Ladies and gentlemen, place your bets.

The Amazon-Eucalyptus partnership

Eucalyptus, a commercial open-source cloud management platform (“CMP”, software used to build cloud infrastructure), recently announced that it had signed a partnership with Amazon.

Eucalyptus began life as a university project to build a CMP that would create Amazon-API-compatible cloud infrastructure, but eventually turned into a commercial effort. However, like all other CMPs offering Amazon compatibility, Eucalyptus has always lived under the shadow of the threat that Amazon might someday try to enforce intellectual property rights related to its API.

With this partnership, Eucalyptus has formally licensed the Amazon API. There’s been a lot of speculation on what this means. My understanding is the following:

This is a non-exclusive technology partnership. Eucalyptus now has a formal license to build products that are compatible with the AWS APIs; at the moment, that’s EC2, S3, and EBS, but Eucalyptus can adopt the other APIs as well if they choose to. Amazon may enter into similar licensing agreements with others, enter into different sorts of partnerships, and so forth; this is a non-restrictive deal. Furthermore, this partnership is not a signal that Amazon is changing its stance towards other products/services with Amazon-compatible APIs, where it has to date adopted a laissez-faire attitude.
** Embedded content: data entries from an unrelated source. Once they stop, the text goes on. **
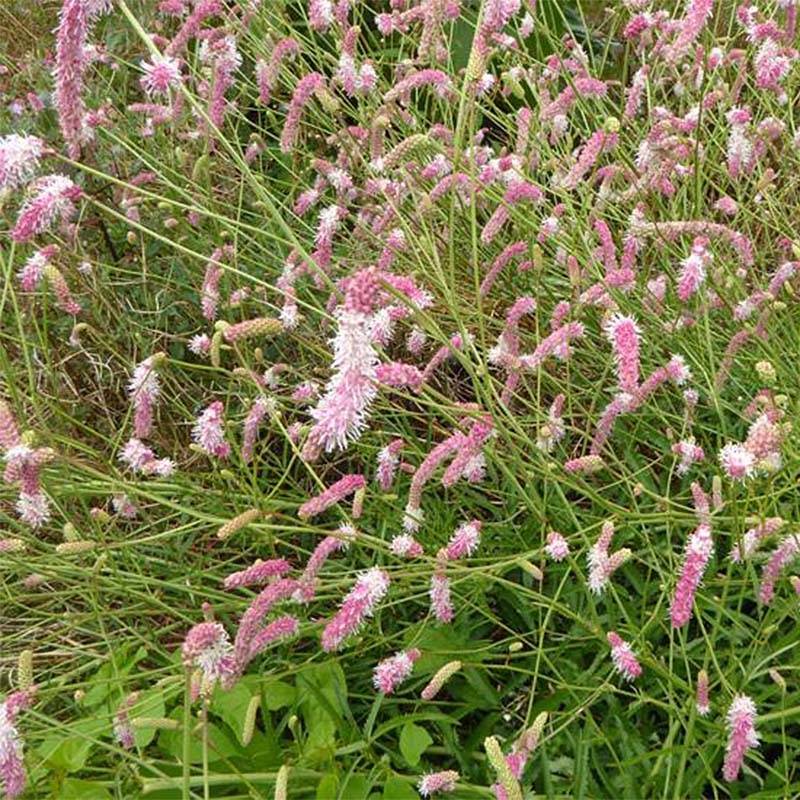 Promesse de Fleurs - Sanguisorba hybride Pink Brushes - Pimprenelle Godet de 8/9 cm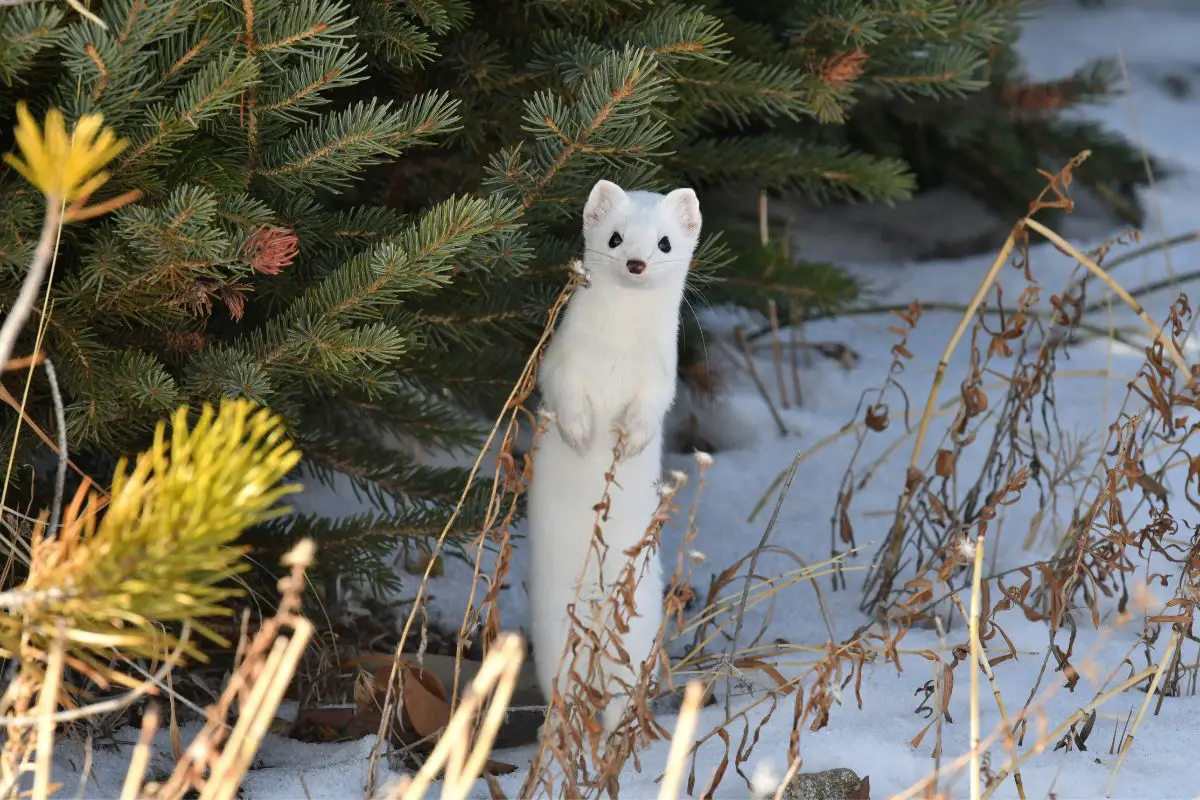 Ermine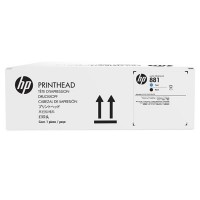 HP No. 881 Cyan and Black Printhead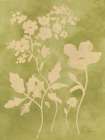 Sun Shadow Stems II Art Print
This is an API licensing deal, not a technology licensing deal. Amazon will provide Eucalyptus with API specifications, including related engineering specifications not provided in the public user-level documentation. However, Amazon will not be giving any technology away to Eucalyptus — this is not engineering assistance with the actual implementation. Eucalyptus will still need to do all of its own product engineering.

There is no coupling of Amazon and Eucalyptus’s development cycles. While Amazon will try to inform Eucalyptus of planned API changes so that Eucalyptus is able to release its own updates in a timely manner, Eucalyptus is on its own — if it can keep up with Amazon, fine, if it can’t, too bad. Eucalyptus is not obliged to remain Amazon-compatible, nor is Amazon obliged to ensure that it’s feasible for Eucalyptus to remain compatible.

Some people think that this deal with give Eucalyptus some much-needed life, since it has met with limited commercial interest, and its developer community has yet to really recover from the rifts created by a past licensing change.

I personally don’t agree. With people increasingly writing to libraries, or using third-party tools (RightScale, enStratus, etc.), developers tend to care less about what’s under the hood as long as their favorite tool supports it. Yes, Amazon’s API has become a de facto standard, but I haven’t seen Eucalyptus be the Amazon-compatible CMP of choice; instead, I see serious adopters choose CloudStack (Citrix, from the Cloud.com acquisition), and the vendors who want to be part of an open-source cloud project put their support primarily behind OpenStack. I’m not convinced that this licensing deal, however interesting, is going to significantly either shift buyer desires towards Eucalyptus, or improve their community support.